Transcribe the whole listing exactly; the images stay out.

**Data block**
_ _ _ _

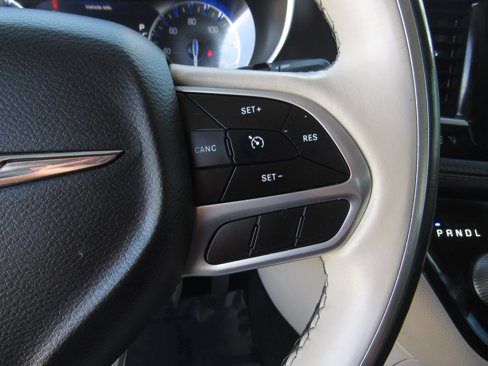 Used 2020 Chrysler Pacifica Limited image 27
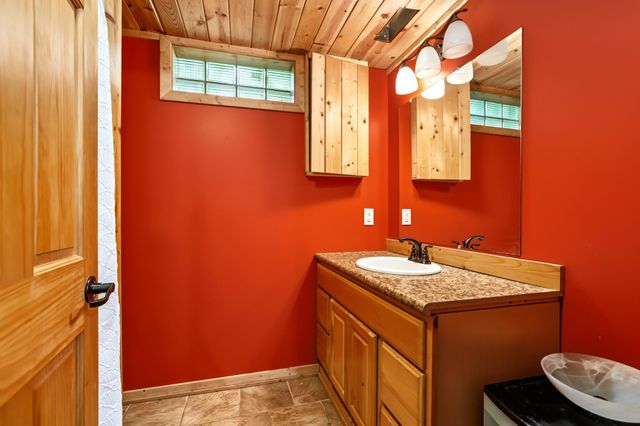 521 E 3rd Street, New Richmond, WI 54017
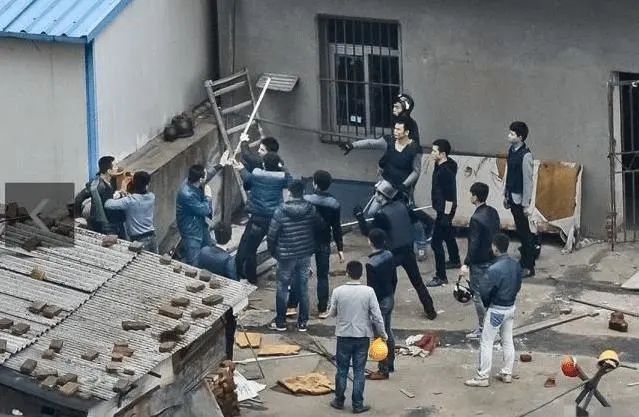處理拆遷中附屬房界定標(biāo)準(zhǔn)是什么?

_ _ _ _

**Your response**
 Used 2020 Chrysler Pacifica Limited image 27
 521 E 3rd Street, New Richmond, WI 54017
處理拆遷中附屬房界定標(biāo)準(zhǔn)是什么?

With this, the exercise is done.